Ever wonder about the people who used to live in your house? Were they happy living there? Were they nice? Did they have a zillion dogs, or a gaggle of happy children? And ever let your mind wander and wonder what you might find left behind in the back of a closet or under a floorboard?
Our tenants, who resided in the red house when we bought it, had been there for ten or so years before we began demolition this fall. They told us that there were two benevolent ghosts, one who smoked and one who turned on the lights and often cooked bacon in the wee hours of the morning, especially near Thanksgiving.
I am sure the number of stories of the red house formed during its six lives spanning two plus centuries are enough to make my head spin.
A few weeks ago we discovered generous clues to the story of one of the owners of the red house, Miss Hague; three letters written to Miss Hague and a fistful of her cancelled checks in the walls of one of the downstairs rooms.

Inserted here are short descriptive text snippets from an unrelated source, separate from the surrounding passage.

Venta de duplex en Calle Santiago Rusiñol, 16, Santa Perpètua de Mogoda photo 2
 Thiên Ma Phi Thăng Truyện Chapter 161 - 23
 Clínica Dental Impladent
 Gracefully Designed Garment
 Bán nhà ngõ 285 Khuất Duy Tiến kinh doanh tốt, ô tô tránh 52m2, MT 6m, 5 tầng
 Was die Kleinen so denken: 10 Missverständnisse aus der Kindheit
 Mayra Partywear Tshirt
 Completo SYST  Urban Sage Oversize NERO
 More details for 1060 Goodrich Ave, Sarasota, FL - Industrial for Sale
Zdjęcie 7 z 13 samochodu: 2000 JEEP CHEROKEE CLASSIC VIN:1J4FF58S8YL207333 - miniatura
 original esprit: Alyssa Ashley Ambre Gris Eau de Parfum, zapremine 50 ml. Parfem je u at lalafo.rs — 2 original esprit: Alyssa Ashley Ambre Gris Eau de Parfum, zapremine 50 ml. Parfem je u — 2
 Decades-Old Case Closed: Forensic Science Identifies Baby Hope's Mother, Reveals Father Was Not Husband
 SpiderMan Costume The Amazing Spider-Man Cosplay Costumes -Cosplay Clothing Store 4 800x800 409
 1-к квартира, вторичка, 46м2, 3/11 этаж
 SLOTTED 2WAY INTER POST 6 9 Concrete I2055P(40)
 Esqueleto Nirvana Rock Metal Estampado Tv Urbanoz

For starters, here is an excerpt of a letter written to Miss Hague from Joseph Choate Jr., dated January 10th, 1896.
Thursday, January 10, 1896
Many thanks for you letter of December twenty seven, which arrived duly, and gave me great and unusual pleasure. I was a little enisled knowing that no letter would come from you for a month of so after your departure, I imagine no one could reach you for a similar period. Which shows what the study of logic will do for me.
And now I am off and running, talking to neighbors, scouring the Internet, trying to fill in her story.